**Exercise directions**
Once the line with "Mercedes-Benz Klasa B 250 7G-DCT Urban - 6" is found, repeat exactly that line and every one after it until the data below ends, including the last line.

[Data entries]
::::

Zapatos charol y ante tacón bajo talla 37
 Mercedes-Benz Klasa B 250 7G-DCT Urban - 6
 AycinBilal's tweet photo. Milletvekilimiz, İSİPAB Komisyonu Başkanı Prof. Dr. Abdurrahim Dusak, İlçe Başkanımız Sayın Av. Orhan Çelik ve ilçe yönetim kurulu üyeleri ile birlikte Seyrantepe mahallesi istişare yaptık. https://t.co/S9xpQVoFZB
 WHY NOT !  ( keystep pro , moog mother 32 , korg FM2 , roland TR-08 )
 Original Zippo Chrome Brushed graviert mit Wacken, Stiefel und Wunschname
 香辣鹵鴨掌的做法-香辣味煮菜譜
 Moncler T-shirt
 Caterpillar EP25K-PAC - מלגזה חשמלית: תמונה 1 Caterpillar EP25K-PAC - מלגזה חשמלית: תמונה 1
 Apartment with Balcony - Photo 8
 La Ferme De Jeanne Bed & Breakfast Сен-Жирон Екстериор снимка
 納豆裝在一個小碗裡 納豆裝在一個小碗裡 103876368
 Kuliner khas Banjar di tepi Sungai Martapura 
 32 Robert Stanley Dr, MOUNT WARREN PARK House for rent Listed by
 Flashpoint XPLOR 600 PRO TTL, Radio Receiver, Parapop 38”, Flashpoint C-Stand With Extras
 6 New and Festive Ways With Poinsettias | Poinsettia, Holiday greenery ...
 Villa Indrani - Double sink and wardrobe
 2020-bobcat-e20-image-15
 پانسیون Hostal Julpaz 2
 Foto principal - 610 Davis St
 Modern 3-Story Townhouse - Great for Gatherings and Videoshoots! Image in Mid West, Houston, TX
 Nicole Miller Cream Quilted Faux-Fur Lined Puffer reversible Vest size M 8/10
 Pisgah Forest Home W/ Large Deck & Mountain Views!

::::

**Answer**
 Mercedes-Benz Klasa B 250 7G-DCT Urban - 6
 AycinBilal's tweet photo. Milletvekilimiz, İSİPAB Komisyonu Başkanı Prof. Dr. Abdurrahim Dusak, İlçe Başkanımız Sayın Av. Orhan Çelik ve ilçe yönetim kurulu üyeleri ile birlikte Seyrantepe mahallesi istişare yaptık. https://t.co/S9xpQVoFZB
 WHY NOT !  ( keystep pro , moog mother 32 , korg FM2 , roland TR-08 )
 Original Zippo Chrome Brushed graviert mit Wacken, Stiefel und Wunschname
 香辣鹵鴨掌的做法-香辣味煮菜譜
 Moncler T-shirt
 Caterpillar EP25K-PAC - מלגזה חשמלית: תמונה 1 Caterpillar EP25K-PAC - מלגזה חשמלית: תמונה 1
 Apartment with Balcony - Photo 8
 La Ferme De Jeanne Bed & Breakfast Сен-Жирон Екстериор снимка
 納豆裝在一個小碗裡 納豆裝在一個小碗裡 103876368
 Kuliner khas Banjar di tepi Sungai Martapura 
 32 Robert Stanley Dr, MOUNT WARREN PARK House for rent Listed by
 Flashpoint XPLOR 600 PRO TTL, Radio Receiver, Parapop 38”, Flashpoint C-Stand With Extras
 6 New and Festive Ways With Poinsettias | Poinsettia, Holiday greenery ...
 Villa Indrani - Double sink and wardrobe
 2020-bobcat-e20-image-15
 پانسیون Hostal Julpaz 2
 Foto principal - 610 Davis St
 Modern 3-Story Townhouse - Great for Gatherings and Videoshoots! Image in Mid West, Houston, TX
 Nicole Miller Cream Quilted Faux-Fur Lined Puffer reversible Vest size M 8/10
 Pisgah Forest Home W/ Large Deck & Mountain Views!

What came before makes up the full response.